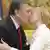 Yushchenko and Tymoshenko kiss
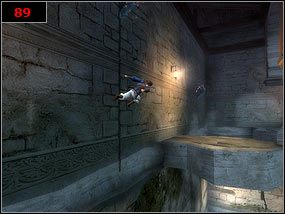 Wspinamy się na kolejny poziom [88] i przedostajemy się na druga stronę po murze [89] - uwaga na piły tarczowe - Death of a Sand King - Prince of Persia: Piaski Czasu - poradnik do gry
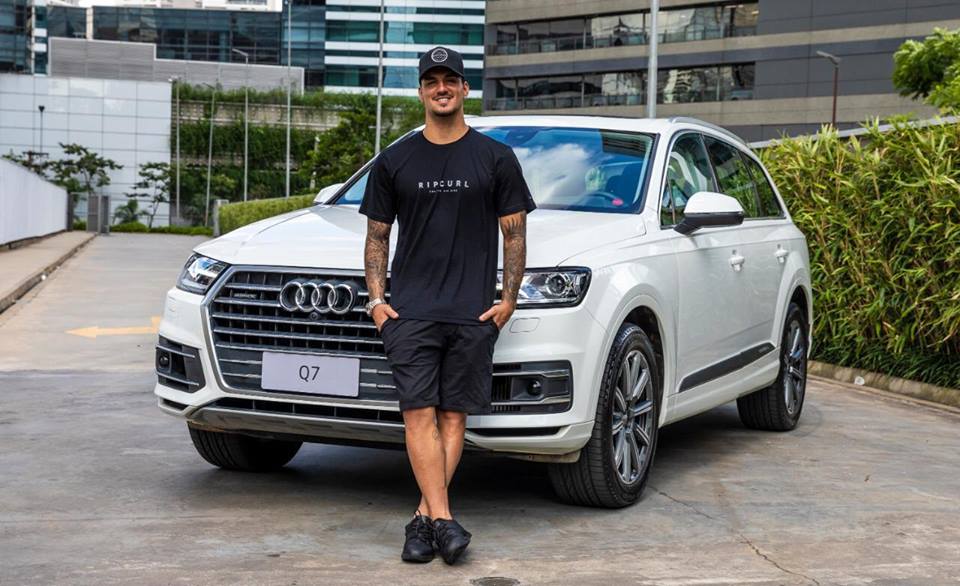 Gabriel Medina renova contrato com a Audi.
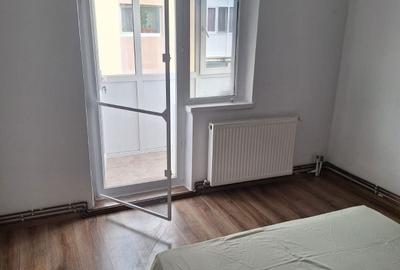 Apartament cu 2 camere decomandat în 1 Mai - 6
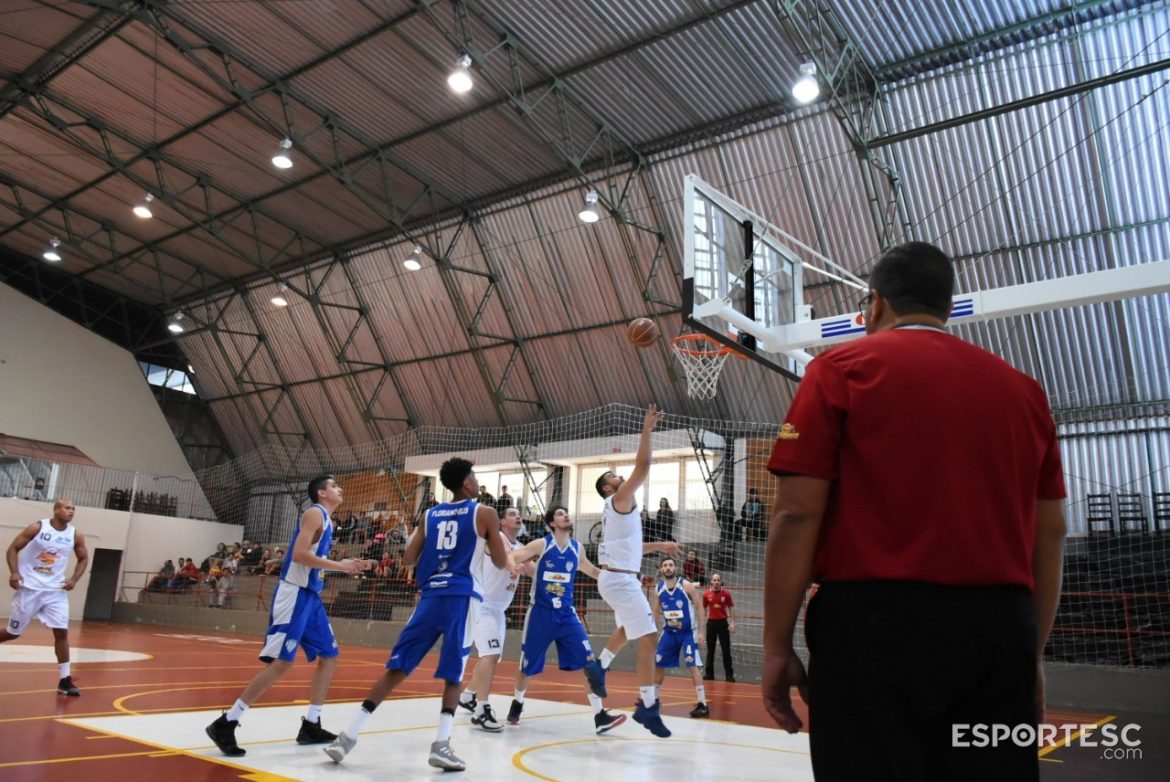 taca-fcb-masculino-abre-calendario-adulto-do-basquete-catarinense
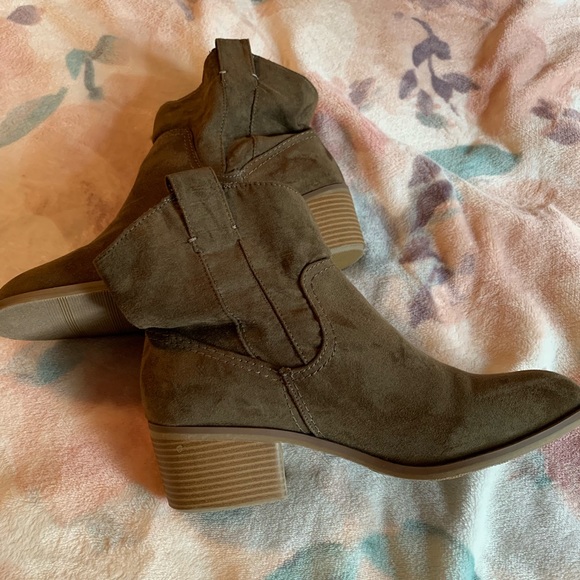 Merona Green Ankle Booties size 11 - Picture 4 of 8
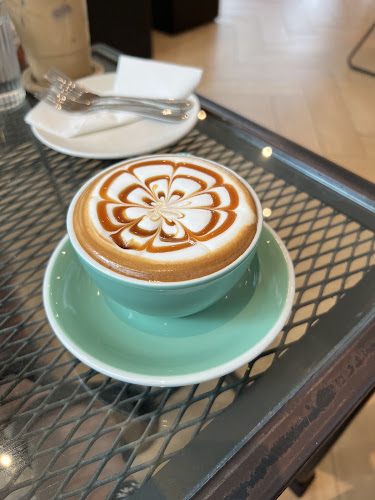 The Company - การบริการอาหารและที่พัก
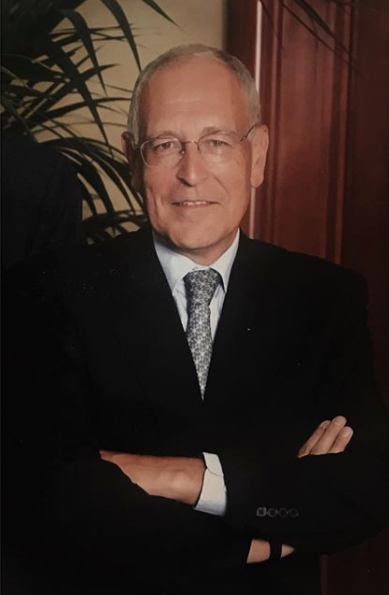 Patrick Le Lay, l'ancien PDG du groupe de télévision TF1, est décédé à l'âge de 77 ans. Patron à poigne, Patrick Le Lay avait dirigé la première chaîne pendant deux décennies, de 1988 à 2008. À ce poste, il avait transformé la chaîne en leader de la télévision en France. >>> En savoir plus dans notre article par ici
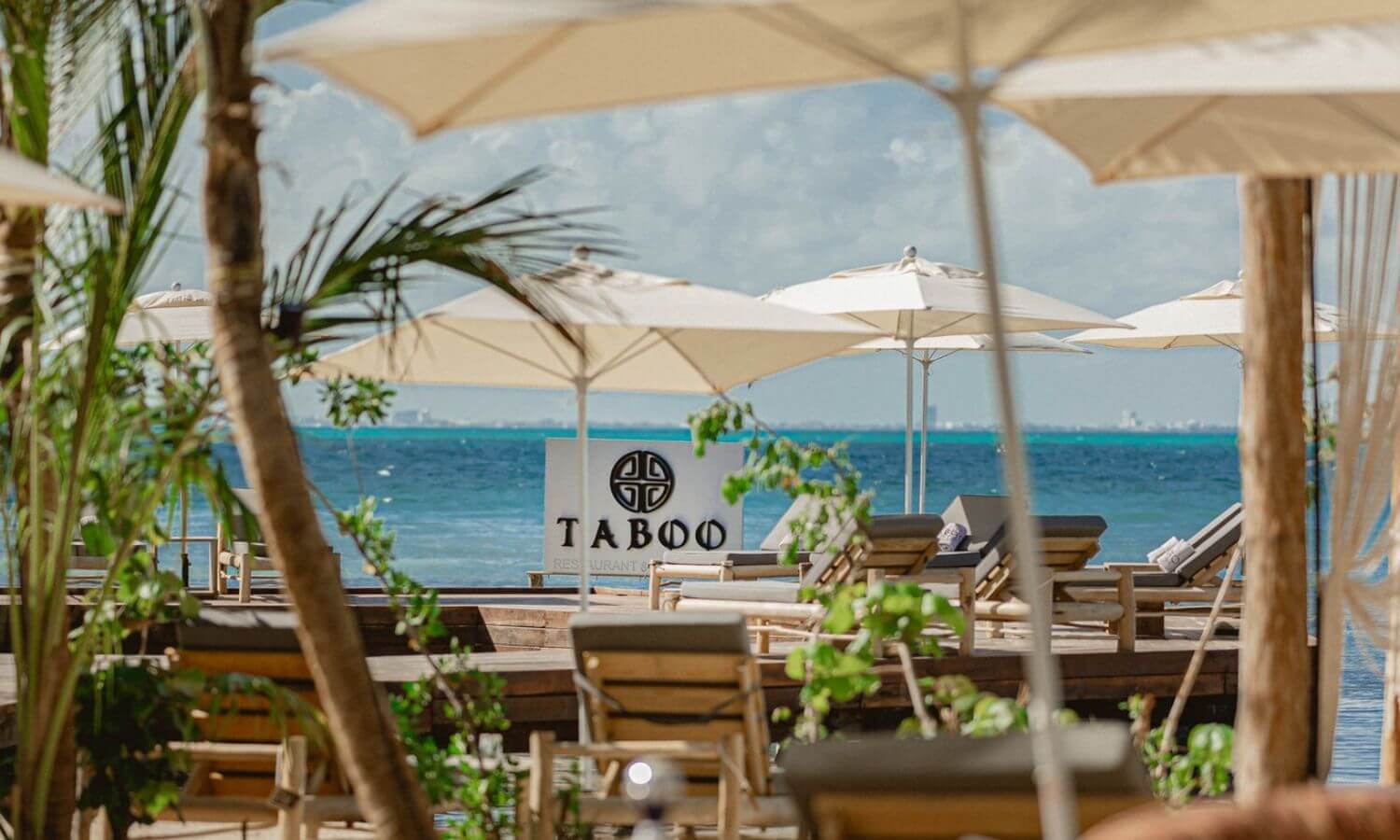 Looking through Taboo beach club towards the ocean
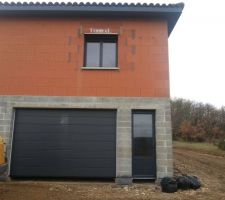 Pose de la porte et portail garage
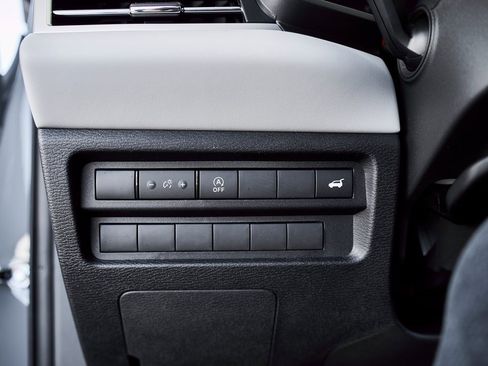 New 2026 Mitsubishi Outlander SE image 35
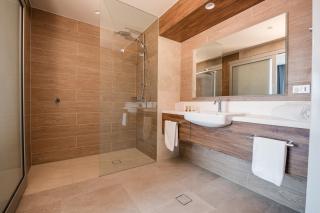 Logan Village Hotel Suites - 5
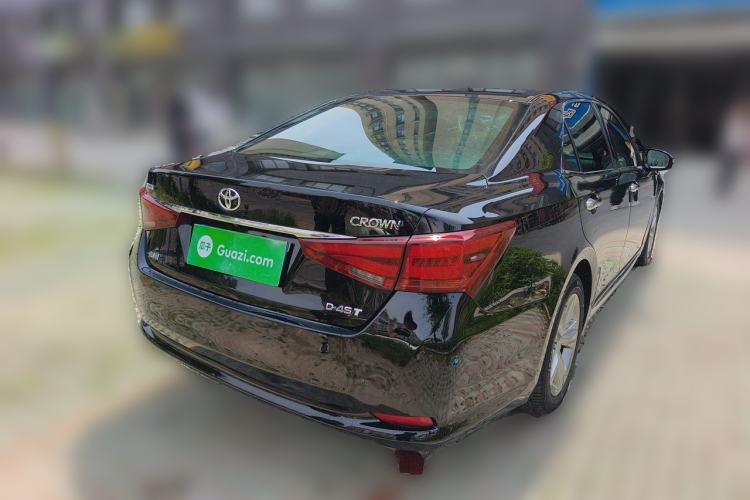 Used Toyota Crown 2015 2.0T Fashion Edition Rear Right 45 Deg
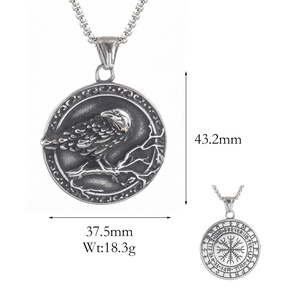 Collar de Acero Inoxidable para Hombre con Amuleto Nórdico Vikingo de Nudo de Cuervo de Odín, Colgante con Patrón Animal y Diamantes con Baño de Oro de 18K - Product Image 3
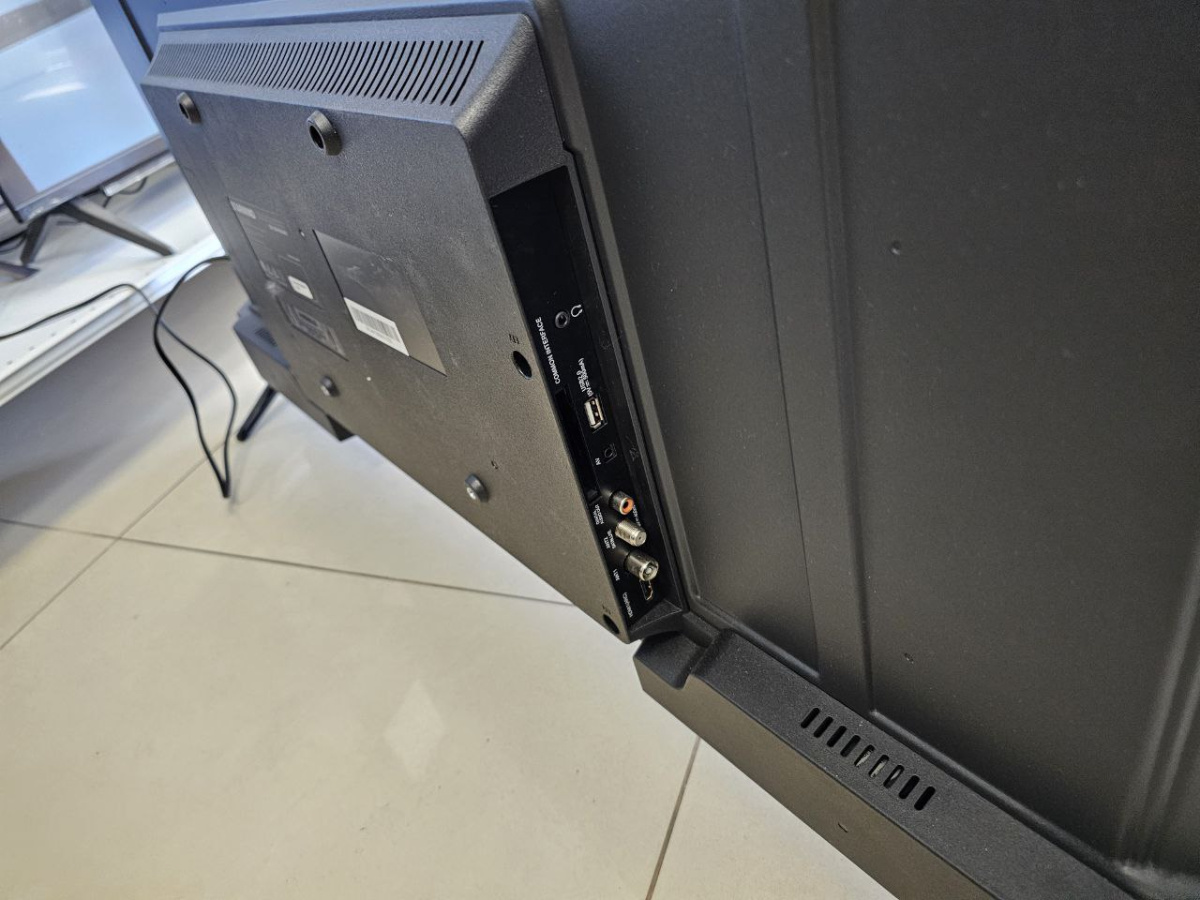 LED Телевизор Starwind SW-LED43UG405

========================================

■ Action item ■
If a record contains a picture, leave the picture out; repeat the record itself exactly.

■ Result of this exercise ■
 Yushchenko and Tymoshenko kiss
 Wspinamy się na kolejny poziom [88] i przedostajemy się na druga stronę po murze [89] - uwaga na piły tarczowe - Death of a Sand King - Prince of Persia: Piaski Czasu - poradnik do gry
 Gabriel Medina renova contrato com a Audi.
 Apartament cu 2 camere decomandat în 1 Mai - 6
 taca-fcb-masculino-abre-calendario-adulto-do-basquete-catarinense
 Merona Green Ankle Booties size 11 - Picture 4 of 8
 The Company - การบริการอาหารและที่พัก
 Patrick Le Lay, l'ancien PDG du groupe de télévision TF1, est décédé à l'âge de 77 ans. Patron à poigne, Patrick Le Lay avait dirigé la première chaîne pendant deux décennies, de 1988 à 2008. À ce poste, il avait transformé la chaîne en leader de la télévision en France. >>> En savoir plus dans notre article par ici
 Looking through Taboo beach club towards the ocean
 Pose de la porte et portail garage
 New 2026 Mitsubishi Outlander SE image 35
 Logan Village Hotel Suites - 5
 Used Toyota Crown 2015 2.0T Fashion Edition Rear Right 45 Deg
 Collar de Acero Inoxidable para Hombre con Amuleto Nórdico Vikingo de Nudo de Cuervo de Odín, Colgante con Patrón Animal y Diamantes con Baño de Oro de 18K - Product Image 3
 LED Телевизор Starwind SW-LED43UG405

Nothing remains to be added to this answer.